Bullet Points On Building Business Credit With Your Aged Shelf Corporation Or Aged Shelf LLC

Bullet Points On Building Business Credit With Your Aged Shelf Corporation Or Aged Shelf LLC

Shelf Company List: Request The List At Assetprofile@gmail.com !

Bullet Points On Building Corporate Credit

  • You need a business structure. Corporations are best. A sole proprietorship is not going to cut it.
  • Start with a corporation that’s at least four years old.
  • Corporations receive more funding than LLC’s.
  • LLC’s protect assets more effectively than corporations. This is why banks prefer to loan money to a corporation. They like the idea of reaching out to access assets in case you don’t pay the loan.
  • If you are building corporate credit, then you can’t have privacy. This means the banks want your name on the state records identifying you as the principal of the company.
  • If you can’t point to your business credit profile, it’s because you don’t have one.
  • The types of business financing available: Start up loans, micro loans, line of credit, investor loans, land loans, hard money loans and credit cards.
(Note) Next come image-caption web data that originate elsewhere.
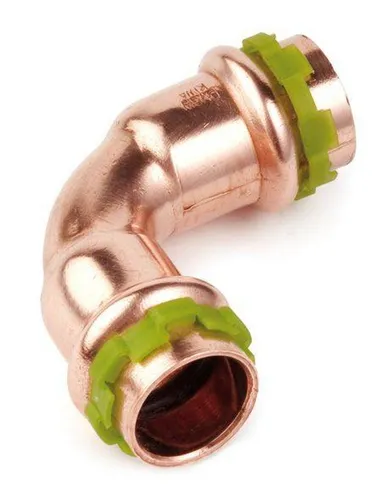 Kupfer Pressfitting SudoPress Bogen 90° 22 mm Innen/Innen VC002A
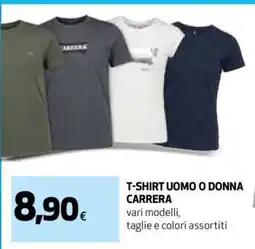 Coop T-SHIRT UOMO O DONNA CARRERA offerta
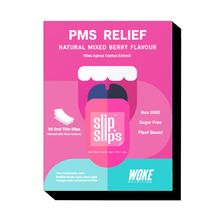 Woke Nutrition PMS Relief Oral Strips - Natural Mixed Berry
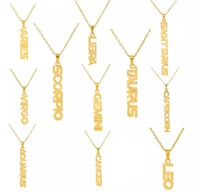 18kt Gold Plated Zodiac Necklaces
There’s also the business plan loan and the financial plan loan.
  • Ask your tax advisor about using your IRA or 401K funds to start a business.
  • A landline telephone number is critical for registering with 411.
  • Banks and credit unions require a good credit score, low debts, a business plan and a business credit history. When acquiring a shelf company, you will need to build that credit history after acquiring the company. Any existing credit history or business credit score will be wiped out within ninety days of acquiring a shelf company. As a result, don’t acquire a shelf company with an existing credit score. Instead, acquire a shelf company with no credit score and then build it yourself. You will avoid problems and possible back taxes. You will also pay much less for the shelf company.
  • Licensing on the State, County and Municipal level is mandatory to clear the compliance hurdle with the bank.
  • A bank account must exist for the business. The business bank account should have at least three digits($1000) on deposit.
  • Your personal credit is important if you are to serve as a guarantor for the corporation.
  • A business loan offers a lower rate of interest than a personal loan.
  • A business loan is achievable after five open trade accounts.
  • The three credit reporting agencies for business are Dun And Bradstreet, Experian and Equifax.
  • Order products and supplies from businesses that report to the above mentioned credit agencies.
  • The business credit score is between 0 and 100. Shoot for a score of 80 by paying off obligations early. A score of 75 is a high score.
  • Obtain a net 30 account with those companies, buy stuff and pay it off early.
  • Buying trade accounts is illegal. Don’t do it. This is buying a fake account that makes positive reports on a fake trading account.
  • A business plan helps. It impresses the banker your organized and focused.
  • Business credit separates your personal credit from the credit involving your business. If the business goes under, you don’t need to lose your home. There’s no need to post your home as collateral.
  • Bridge financing is a loan for temporary and immediate needs of the business. It costs more than conventional financing and the interest rate is higher (12%-15%). It is often used to acquire commercial real estate, and accompany hard money loans.
  • Export financing is used to produce an item that’s used abroad.
  • A factoring house is a lender who will purchase your products at a discount. This discount of % to 7% below invoice, and then sold at the market rate. You and the factoring house will split the profits.
  • Start up loans are available through the Small Business Administration. Many of those loans are called microloans. They are smaller loans, under $35,000, and they have a term of three(3) to seven(7) years. Although, SBA loans may go up to $2 million for long periods.
  • Trade credit is a purchase of materials or products from another business with a thirty to sixty day window for repayment. You sell the finished goods to the customer, collect the funds and pay the vendor his due.

Shelf Corporation

How Much Should They Cost? What Is The Industry Standard?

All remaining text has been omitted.